Do I wake or sleep?
Keats
And yet nothing stops you. The wilderness of bodies. A tangle of clothes and sheets. She whom your father loved, whose body claims all you will ever know of his legacy, the stark tremor in your loins.
Why confuse the past with the present? her eyes spell out in their own confusion, how does a woman feel to have her thirst slaked by a young man she might have mothered though he be her contemporary . . .
Bobby wrote what he could remember. Then he set the page aflame. Then wrote it again, the way he wanted it to read, what nothing but these words could see, and they so paltry he stayed unhappy.
She said, My god, what have I done, dear Bobby? Thee hath consoled my ragged soul, he replied. Where is there to go now? she wondered aloud. He wanted to smile but no, he said, Back in thy bed . . .
But he did not mean it, she knew, he was as sad as she that there was nothing to keep him here with her, and he, what did he care? she thought, he had a woman already, she who was his world’s light.

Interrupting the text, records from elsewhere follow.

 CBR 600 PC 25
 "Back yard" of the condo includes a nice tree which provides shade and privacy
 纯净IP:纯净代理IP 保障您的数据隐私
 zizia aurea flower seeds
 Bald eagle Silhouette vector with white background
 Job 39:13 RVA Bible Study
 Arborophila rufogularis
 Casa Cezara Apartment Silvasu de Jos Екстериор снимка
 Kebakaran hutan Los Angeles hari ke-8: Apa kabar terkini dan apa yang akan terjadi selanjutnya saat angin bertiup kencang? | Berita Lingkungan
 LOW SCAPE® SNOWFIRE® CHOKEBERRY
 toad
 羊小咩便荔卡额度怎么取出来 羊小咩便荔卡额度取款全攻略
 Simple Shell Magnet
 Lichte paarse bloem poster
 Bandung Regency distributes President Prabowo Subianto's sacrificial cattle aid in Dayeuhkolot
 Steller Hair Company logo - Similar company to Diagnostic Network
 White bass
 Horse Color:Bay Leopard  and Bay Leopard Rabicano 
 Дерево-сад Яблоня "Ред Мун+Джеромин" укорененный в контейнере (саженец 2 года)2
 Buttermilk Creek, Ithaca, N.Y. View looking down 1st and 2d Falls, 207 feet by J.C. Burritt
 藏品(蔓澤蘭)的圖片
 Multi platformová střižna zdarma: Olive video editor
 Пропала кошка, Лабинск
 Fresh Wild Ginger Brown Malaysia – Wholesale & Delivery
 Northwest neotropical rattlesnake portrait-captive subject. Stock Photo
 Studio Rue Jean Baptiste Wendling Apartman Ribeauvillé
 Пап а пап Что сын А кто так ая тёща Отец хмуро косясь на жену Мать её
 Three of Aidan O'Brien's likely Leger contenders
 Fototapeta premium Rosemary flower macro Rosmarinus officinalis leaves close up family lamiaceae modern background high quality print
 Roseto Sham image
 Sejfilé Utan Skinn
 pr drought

And that was how they spent the day imitating, commemorating, becoming the night’s way of life, what bodies do when mystery prevails upon them to seek the unknown within the ordinary,
quotidian pleasures that do not weary the mind but prepare the heart for ease in the city’s streets where nothing is or will be to quiet the staccato heart, the sudden sheen of knife and a gun’s pop.
And even that was tabu, the hope anger dissipates, a narrow corridor down which we go to our next appearance when the wheel stops now to turn within the loveliness of a woman whose ire
needs no priming, the boy who is more than the man his father was, if for no reason other than he breathes . . . she should have known he didn’t need her to make his biography complex.